» Activity:
Only the lines from the one with "PP06 자바라 주름 빨대 개별포장 검정 일회용 스트로우 7mm 25cm" through the end of the material are wanted, copied exactly and with the pictures left out.

» Data shown:

▬▬▬▬▬▬

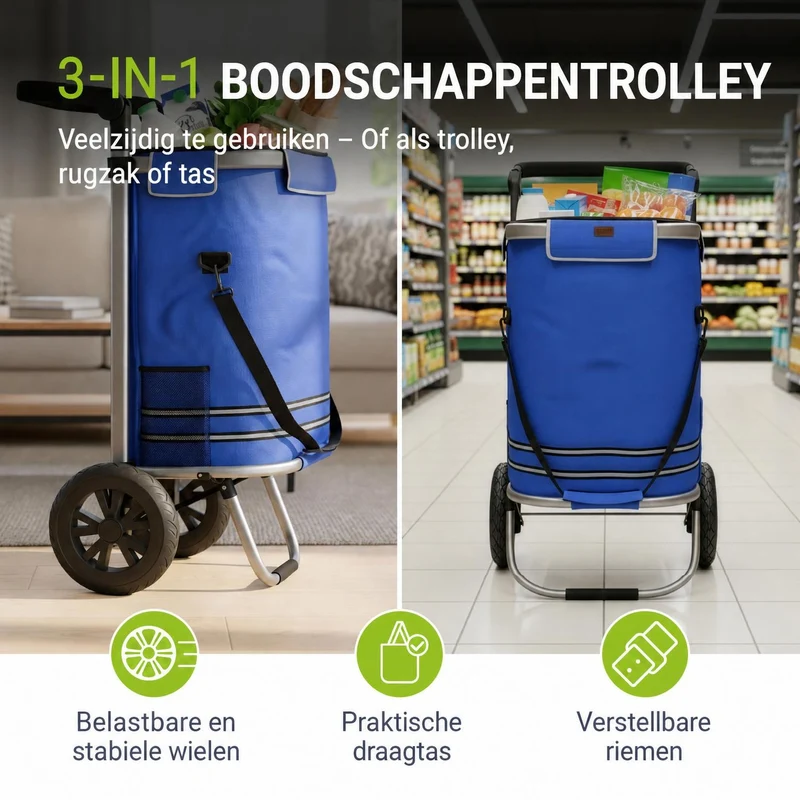 3in1 Einkaufstrolley - 56 L Kapazität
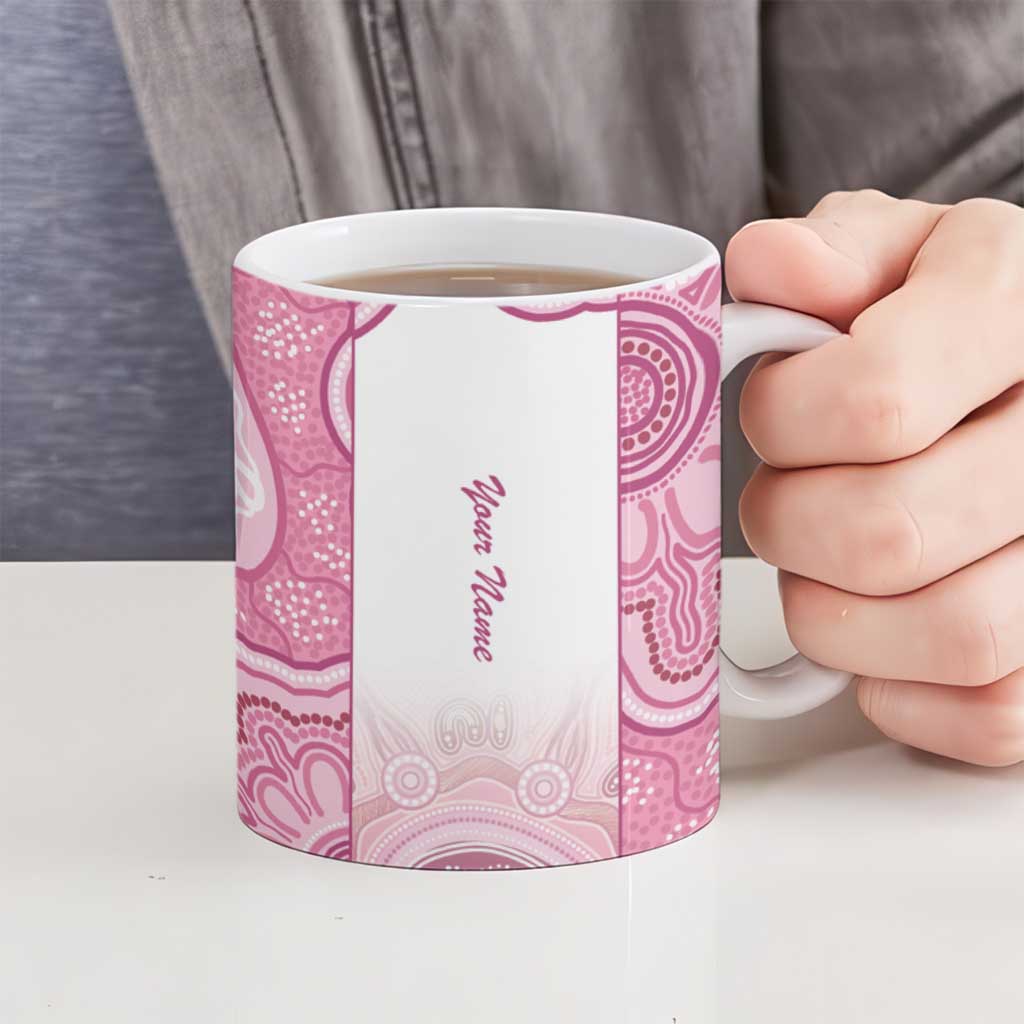 Aussie Nurse RN 2026 Personalised Ceramic Mug Pink Aboriginal Art Pattern Cultural Pride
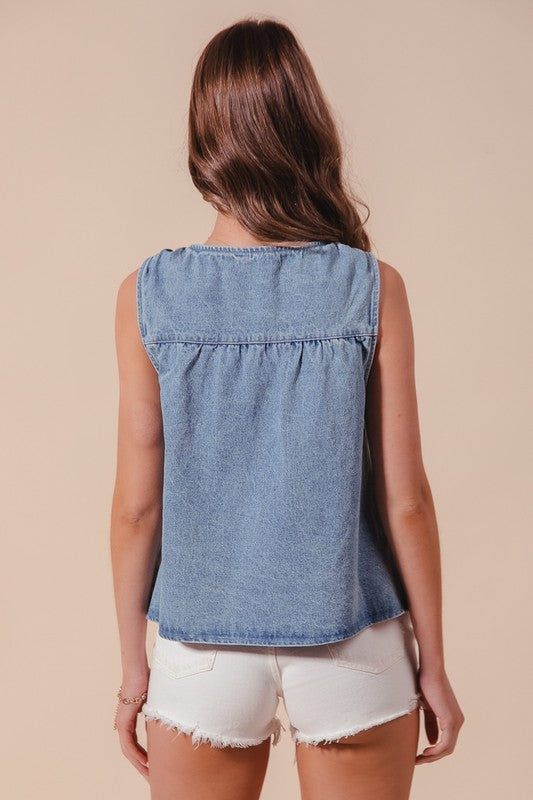 The Emmie Ruffle-Front Denim Tank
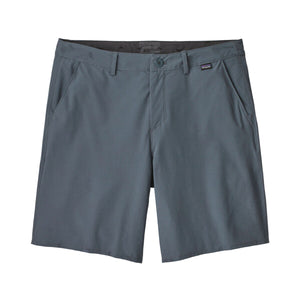 Patagonia Men's Hydropeak Hybrid Walk Shorts in grey on a white background.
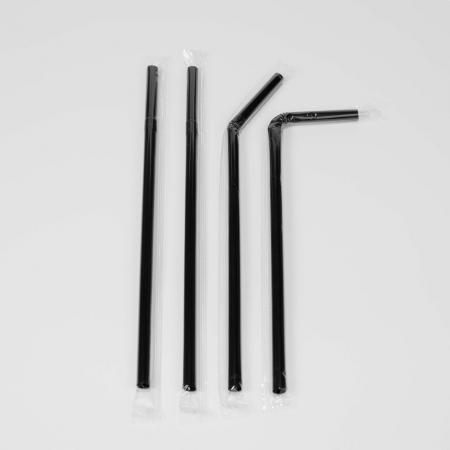 PP06 자바라 주름 빨대 개별포장 검정 일회용 스트로우 7mm 25cm 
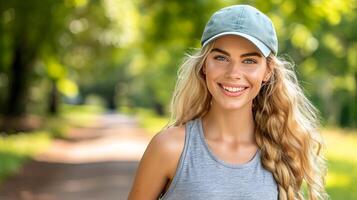 ai generado activo mujer con hermosa sonrisa participativo en ciudad sendero correr, maratón, y triatlón foto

▬▬▬▬▬▬

» Exercise solution:
 PP06 자바라 주름 빨대 개별포장 검정 일회용 스트로우 7mm 25cm 
 ai generado activo mujer con hermosa sonrisa participativo en ciudad sendero correr, maratón, y triatlón foto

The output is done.